Concreet kan worden gesteld dat medewerkers het erover eens zijn dat persoonlijke integriteit en moreel voorbeeldgedrag van groot belang zijn voor moreel leiderschap. Daar waar het gaat om het actief aansturen op integriteit lopen de meningen echter meer uiteen: aan de ene kant vindt een groot deel van de medewerkers bijvoorbeeld dat de leider zelf niet te veel over ethiek en integriteit moet praten maar hen vooral de ruimte moet geven om op laagdrempelige en veilige wijze hun fouten, dilemma’s en vermoedens van integriteitsschendingen bespreekbaar te maken. Aan de andere kant zijn er ook veel medewerkers die verwachten dat de leider juist wél expliciet en proactief de discussie over de geldende principes en waarden in de organisatie aanzwengelt.

Tevens is er een kleinere groep medewerkers die vindt dat de leider zelf op voorhand vooral heel duidelijke regels en grenzen moet stellen en deze strikt moet handhaven: tweede kansen bieden of een discussie voeren over de normen en waarden van de organisatie staat volgens deze groep het moreel leiderschap alleen maar in de weg. Ook waar het gaat over het prioriteren van persoonlijke, organisatie- en maatschappelijke belangen, de mate waarin een meer individueel of juist groepsgerichte benadering wenselijk is, en hoe proactief de leider zich al dan niet moet bezighouden met het sturen op integriteit, verschillen de verwachtingen van medewerkers.
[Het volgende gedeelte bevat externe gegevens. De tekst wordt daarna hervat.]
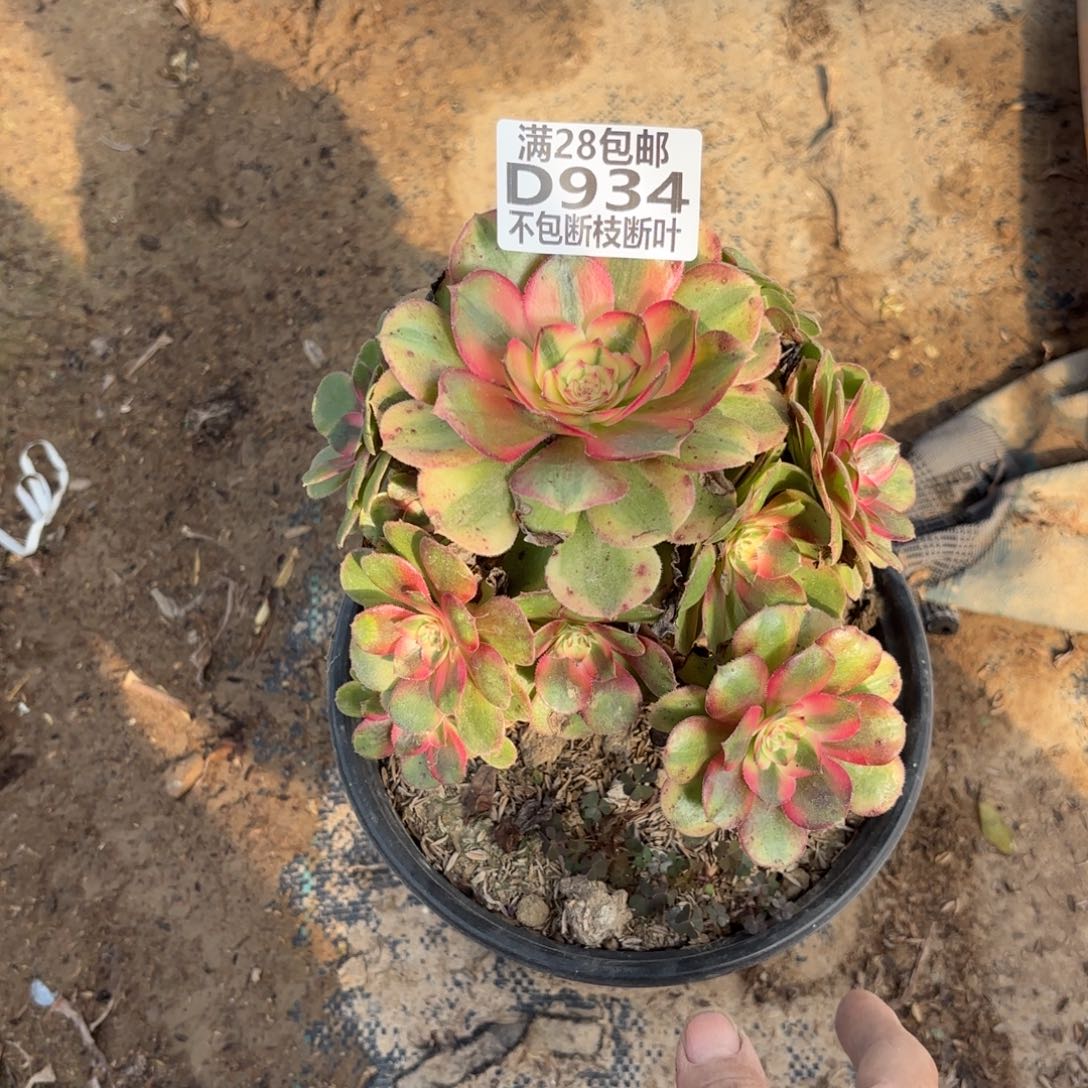 S. 934荔枝多肉。cade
Zoals verwacht zijn iemands verwachtingen van moreel leiderschap echter niet geheel individueel bepaald: uit de data blijkt dat verwachtingen tot op zekere hoogte samenhangen met het soort werk dat iemand doet. Specifiek geldt dat individuen die zelf een leidinggevende rol hebben ook meer en ernstiger morele dilemma’s ervaren. Mede als gevolg daarvan verwachten zij van moreel leiders een meer expliciete en proactieve aanpak en aansturing op integriteit dan medewerkers die geen leidinggevende taken hebben.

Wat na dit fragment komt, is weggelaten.